_Description of the task:_
Reproduce the data below in full and to the letter, images excepted.

_Extracted information:_
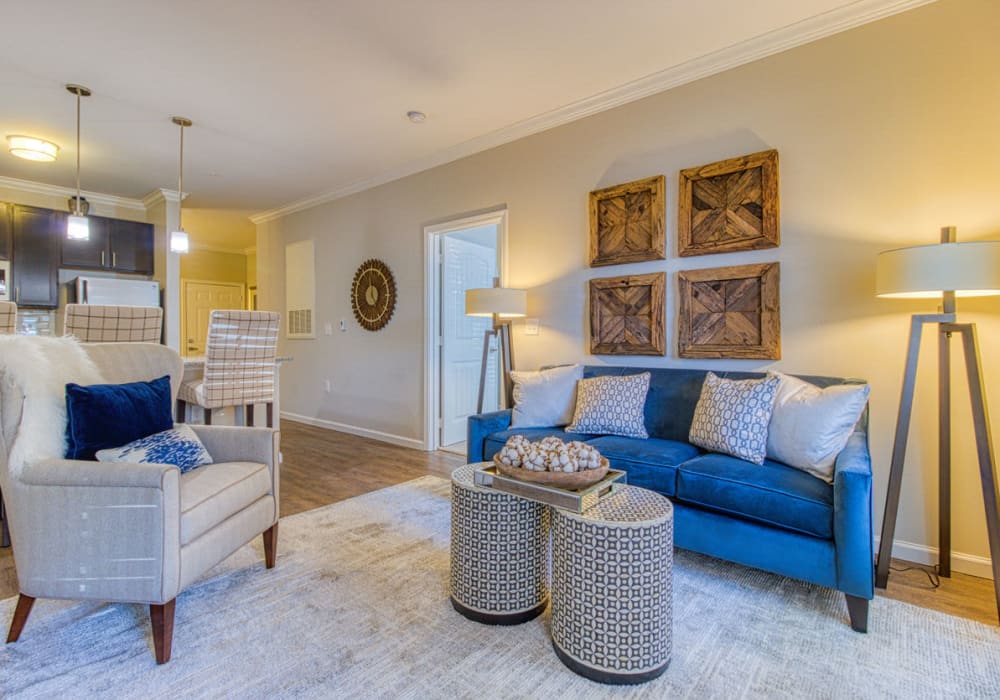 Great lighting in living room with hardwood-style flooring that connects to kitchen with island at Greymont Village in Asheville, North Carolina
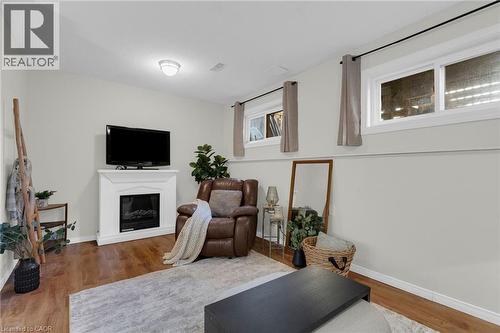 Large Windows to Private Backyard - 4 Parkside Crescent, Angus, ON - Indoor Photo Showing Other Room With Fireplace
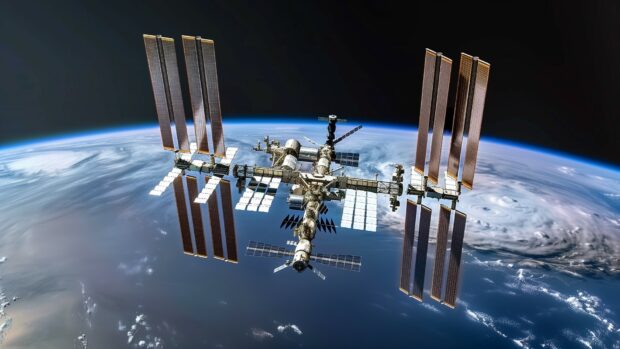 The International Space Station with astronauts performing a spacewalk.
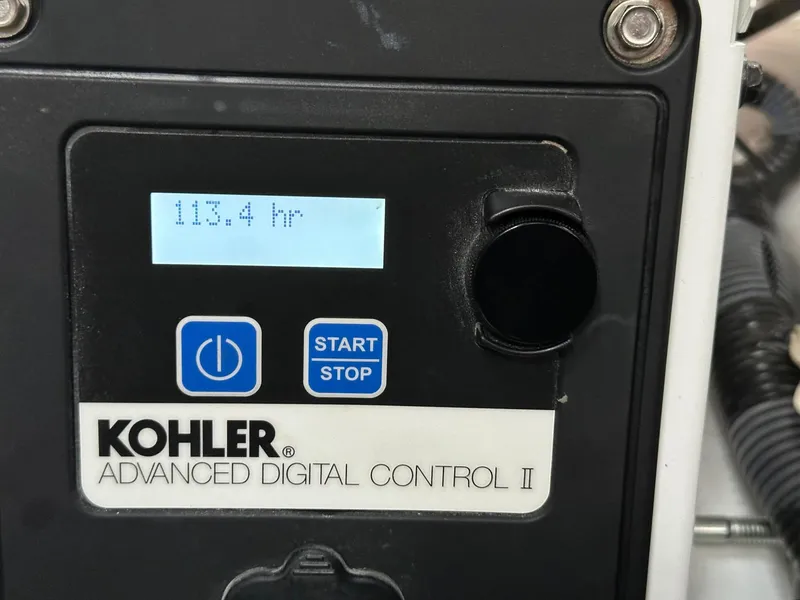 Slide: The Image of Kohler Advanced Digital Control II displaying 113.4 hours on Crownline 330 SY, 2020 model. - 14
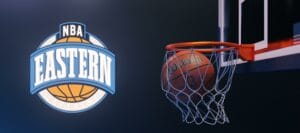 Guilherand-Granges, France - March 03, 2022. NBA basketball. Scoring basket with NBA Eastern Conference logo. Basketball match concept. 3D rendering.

_Output of the exercise:_
 Great lighting in living room with hardwood-style flooring that connects to kitchen with island at Greymont Village in Asheville, North Carolina
 Large Windows to Private Backyard - 4 Parkside Crescent, Angus, ON - Indoor Photo Showing Other Room With Fireplace
 The International Space Station with astronauts performing a spacewalk.
 Slide: The Image of Kohler Advanced Digital Control II displaying 113.4 hours on Crownline 330 SY, 2020 model. - 14
 Guilherand-Granges, France - March 03, 2022. NBA basketball. Scoring basket with NBA Eastern Conference logo. Basketball match concept. 3D rendering.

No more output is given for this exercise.